3) It's 90% skill 10% kit (and that's being generous to the kit).
The kit is probably the least important factor - the studio I worked for in the late 1970's used a Canon "canonet" for weddings......
The canonet was a compact, automatic, rangefinder camera. Nothing special - nothing like Leica quality, but it had one important quality. Because it was a compact, not an SLR, it could synchronise flash at 1/250 or 1/500, making it ideal for using fill-in flash outdoors. This helped prevent green shading to the bride's dress (reflected light from lawns) and meant that we could ignore the position of the sun when setting groups, and pose bride & groom against the sunlight - enhancing the hair.....
Inside the church, the canonet was again ideal because the shutter was much quieter than an SLR - and it could be hand held at low shutter speeds without the shake caused by movement of the SLR's mirror. This was in the days when most churches prohibited photos during the service - but we were always able to sneak one or two pictures with nobody the wiser.

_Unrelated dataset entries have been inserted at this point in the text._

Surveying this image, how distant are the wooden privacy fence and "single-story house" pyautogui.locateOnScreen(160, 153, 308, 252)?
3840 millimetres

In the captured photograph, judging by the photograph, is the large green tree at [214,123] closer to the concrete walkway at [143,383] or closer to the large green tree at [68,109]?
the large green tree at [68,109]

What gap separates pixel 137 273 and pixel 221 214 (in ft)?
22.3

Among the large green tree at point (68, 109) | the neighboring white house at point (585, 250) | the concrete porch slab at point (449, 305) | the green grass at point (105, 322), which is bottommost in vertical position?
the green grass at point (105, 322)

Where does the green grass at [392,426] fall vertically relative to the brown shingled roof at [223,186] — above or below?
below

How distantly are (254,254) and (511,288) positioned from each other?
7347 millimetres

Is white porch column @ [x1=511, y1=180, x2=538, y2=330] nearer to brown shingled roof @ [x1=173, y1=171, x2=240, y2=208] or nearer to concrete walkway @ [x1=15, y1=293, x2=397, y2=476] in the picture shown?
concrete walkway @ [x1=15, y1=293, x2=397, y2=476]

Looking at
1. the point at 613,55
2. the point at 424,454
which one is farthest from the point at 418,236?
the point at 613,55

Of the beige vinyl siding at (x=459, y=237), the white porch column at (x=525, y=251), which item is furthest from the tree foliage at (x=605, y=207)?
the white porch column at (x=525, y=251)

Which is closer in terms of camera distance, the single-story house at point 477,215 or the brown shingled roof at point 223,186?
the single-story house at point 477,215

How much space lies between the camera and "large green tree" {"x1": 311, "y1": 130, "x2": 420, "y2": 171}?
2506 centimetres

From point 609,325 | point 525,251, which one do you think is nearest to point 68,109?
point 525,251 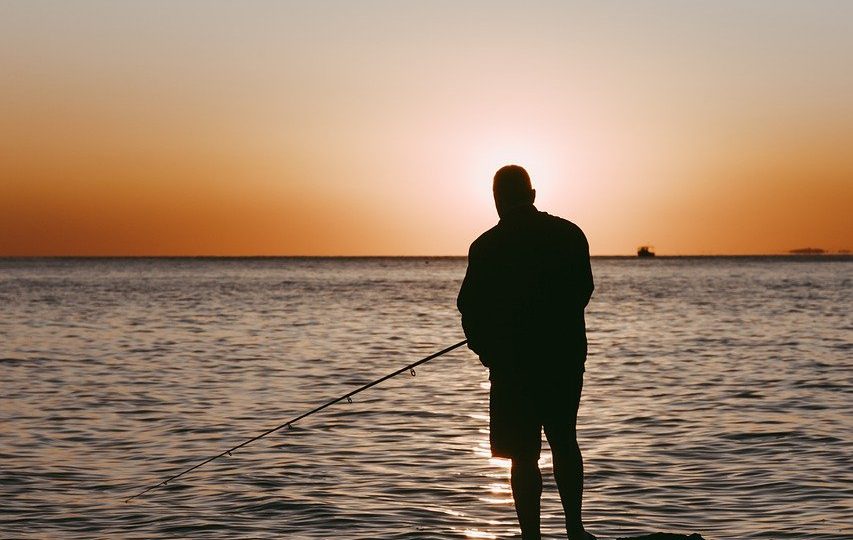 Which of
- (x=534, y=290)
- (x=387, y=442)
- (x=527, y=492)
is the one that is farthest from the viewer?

More recently, up until about 5 years ago, I had a very nice part-time income photographing children at nurseries - with a fairly ordinary 35mm SLR - candid poses and ambient lighting - and the printing was courtesy of Jessops - standard mchine printing - and found the parents generally delighted at quality and price. I sold four 7x5 prints for £20 - but when you consider there were on average 40-50 children "snapped" in a day, the maths speak for themselves. 10-15% to the nursery gives them some extra funds and is gratefully recieved.
Rather than the usual "studio" poses, my pictures would have children poking their head through playhouse windows, crawling through hoops, playing with toys. Action and bright colours were key.
The hardest part was getting the nurseries to let me in - not for a security aspect - I had police checks carried out through a local nursery before starting - but because some felt it was a disruption to their day. Still, those that I did get into were glad to have me back each year.
I used to take 6 pictures of each child - have all printed - and sell the best 4 as a package. Of course, with digital cameras, you can delete the bad pics without printing- take the photos and use a laptop to show photos to the parents when they pick up their children- take orders and just print what's ordered.
A very cheap business to set up... Liability Insurance was part of a camera policy from E&L (about £100 a year), no premises needed.
I only stopped due to a knee injury - I could no longer get down to the children's level to take the pictures.